27. a) The Nominating Committee Chair shall seek nominations for all
Executive Positions whether incumbent Executive Members intend
to re-offer for the position or not.
b) Incumbent members of the Executive Committee shall advise the Chair
of the Nominating Committee thirty (30) days prior to the Annual General
Meeting (AGM) whether they wish to re-offer for positions on the
Executive Committee.
28. Should a position on the Executive Committee become vacant before the expiry of
the incumbent’s of office, the Board may appoint a member of the Society to serve
in that position for the remainder of the term.
Projects and Committees
29. The Board shall determine the projects, programs and media coverage to be undertaken by the Society.
30. The Board shall create committees to carry out various functions of the Society.
31. a) Standing Committees of the Society shall be chaired by a member of
the Board who will report on the activities of the committee at each
Board meeting.
b) Sub-Committees or Ad Hoc Committees of the Society may be chaired by a member of the Society appointed by the Chair.

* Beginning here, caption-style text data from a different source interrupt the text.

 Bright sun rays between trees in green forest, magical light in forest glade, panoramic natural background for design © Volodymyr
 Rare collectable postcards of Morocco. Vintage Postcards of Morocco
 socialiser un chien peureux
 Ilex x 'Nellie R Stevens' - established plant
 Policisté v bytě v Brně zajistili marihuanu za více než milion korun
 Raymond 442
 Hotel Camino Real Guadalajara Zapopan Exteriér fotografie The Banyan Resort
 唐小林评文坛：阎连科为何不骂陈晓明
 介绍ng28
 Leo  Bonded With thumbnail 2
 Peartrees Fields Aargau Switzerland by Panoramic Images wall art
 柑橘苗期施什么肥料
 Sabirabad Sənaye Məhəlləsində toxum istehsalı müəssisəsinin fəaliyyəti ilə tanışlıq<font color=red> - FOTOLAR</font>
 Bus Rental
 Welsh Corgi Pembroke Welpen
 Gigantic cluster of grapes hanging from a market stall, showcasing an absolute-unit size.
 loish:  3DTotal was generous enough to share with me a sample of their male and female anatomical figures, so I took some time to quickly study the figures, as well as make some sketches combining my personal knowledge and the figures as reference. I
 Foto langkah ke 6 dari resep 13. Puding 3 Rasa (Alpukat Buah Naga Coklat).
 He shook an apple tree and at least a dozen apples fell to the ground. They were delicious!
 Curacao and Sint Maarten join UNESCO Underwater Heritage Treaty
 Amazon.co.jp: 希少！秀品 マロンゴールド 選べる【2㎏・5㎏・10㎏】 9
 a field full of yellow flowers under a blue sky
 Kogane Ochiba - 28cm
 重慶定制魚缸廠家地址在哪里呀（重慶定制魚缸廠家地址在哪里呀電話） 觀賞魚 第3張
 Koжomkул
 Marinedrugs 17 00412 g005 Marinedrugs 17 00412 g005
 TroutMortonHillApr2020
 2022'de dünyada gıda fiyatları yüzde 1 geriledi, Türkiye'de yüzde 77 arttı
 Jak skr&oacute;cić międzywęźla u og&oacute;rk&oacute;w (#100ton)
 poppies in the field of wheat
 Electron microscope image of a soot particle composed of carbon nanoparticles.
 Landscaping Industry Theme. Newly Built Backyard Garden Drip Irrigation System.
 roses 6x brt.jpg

32. Each Committee Chair shall, prior to each meeting of the Executive Committee,
supply to the Chair through the Secretary the minutes of all committee meetings held since the date of the last Executive Committee meeting.
33. All committee chairs are responsible to the Society as a whole for ensuring that
their committee members abide by the by-laws of the Society.
34. Committee chairs have the option of recruiting members for their committee.
35. Committee Chairs may, with the approval of the Executive Committee, engage
persons to provide advice or professional services to the committee where deemed
necessary or desirable.
Miscellaneous
36. The Secretary shall file with the Registrar of Joint Stocks the Society’s annual
financial statement, a list of it’s Directors with their addresses, occupations, and
date of appointment or election within fourteen days of the Annual General Meeting or other change of Directors.
37. Contracts, deeds, and other documents may be executed on behalf of the Society
by the Chair or Vice-Chair and the Treasurer, unless otherwise prescribed by special resolution.
38. The borrowing powers of the Society may be exercised by resolution of the Board.
39. The seal of the Society shall be maintained at the office of the Society and shall be affixed to documents as directed by the Executive Committee.
40. The books and records of the Society may be inspected by any member of the Society at any time within two days prior to the Annual General Meeting at the registered office of the Society.
41. The auditor(s) of the Society shall be appointed by the members at the Annual General Meeting.
42. The Society assumes no responsibility for the actions of its member societies or individual members, nor does it assume any liability for indebtedness incurred by any of its members societies or individual members, save and except on those occasions where the action or indebtedness was specifically authorized by the Board or the Executive Committee.